= Andrea Thome =

Chilean and Costa Rican playwright

Andrea Thome is a Chilean and Costa Rican playwright born in Madison, Wisconsin. Her plays have been performed at venues all over the United States, and she is founder and co-director of the Fulana media project.

==Biography==
Andrea Thome's mother is from Chile and her father is from Costa Rica and the United States. She considers herself Pan-American and believes that this permeates into her writing. Thome also found inspiration from the works of fellow Chilean writer Gabriela Mistral, the first Nobel Prize winner from Chile. Thome obtained her Bachelor’s from Harvard University in Literature and Drama & History in the Americas. She went on to the NYU Tisch School of the Arts to earn her Masters in Dramatic Writing.

==Career==
Thome is known in the United States and Latin America for her plays and translations. Thome spent five years at Red River Theater in San Francisco, where she co-created 22 pieces. She has translated works by Richard Viqueira (H), and Ximena Escalante (Real Andromeda).

Pinkolandia is one of Thome's better known plays. It follows the story of a family that recently arrived to the US escaping the dictatorship in Chile. The play also discusses how children make sense of the world around them as interpreted in their imaginary "closetlandia." The play touches on themes of leaving home and having to reconcile leaving things behind. Thome discussed in an interview with Two River Theater how it has touched people of different backgrounds, including those who are not children of immigrants but have been politically involved. Thome began writing Pinkolandia as part of the Hispanic Playwrights and Residence Lab at INTAR Theatre in New York. It was chosen for the 2012 Crossing Borders Festival at the Two River Theater and will premiere at the Salvage Vanguard Theater in Austin and 16th Street Theater in Chicago.
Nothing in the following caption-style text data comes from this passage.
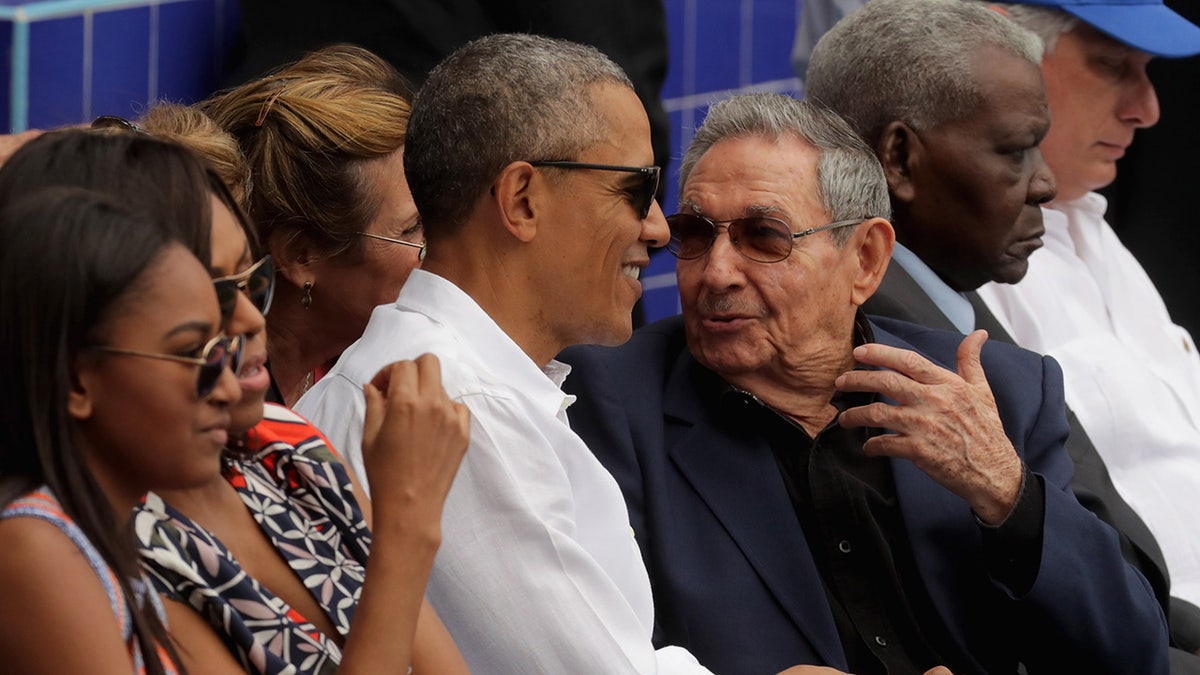 obama with raul castro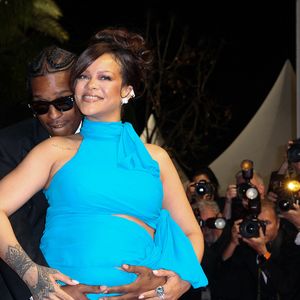 ASAP Rocky et sa femme Rihanna (enceinte) - Descente des marches du film « Highest 2 Lowest » lors du 78ème Festival International du Film de Cannes, au Palais des Festivals à Cannes. Le 19 mai 2025
© Jacovides-Moreau / Bestimage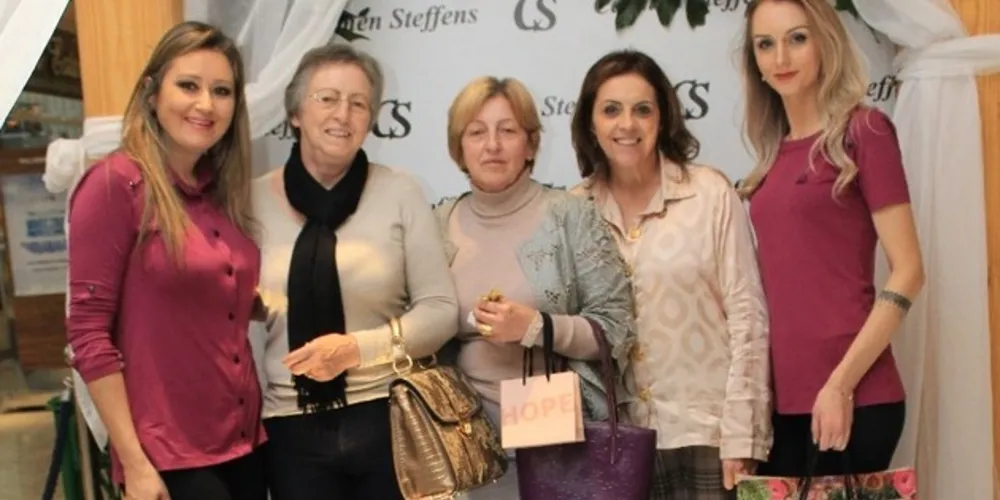 Wilter Lindolm, Raquel Xavier, Rute Marques, Rosecler Dalzoto e Patricia Ferreira 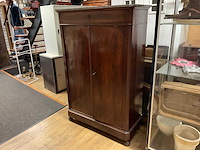 Antieke kast - afbeelding 1 van  3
In 2000, Thome founded Fulana alongside three other Latina artists. Fulana is a media collective project that explores issues relevant to Latinos in the United States "using parody and satire as a critical tool." Pieces produced by the collective include mock commercials, music videos, and action pieces. In 2009, Fulana received the Ford Foundation/Hemispheric Institute Transnational Arts Initiative Grant as well as recognition from NALAC Fund for the Arts.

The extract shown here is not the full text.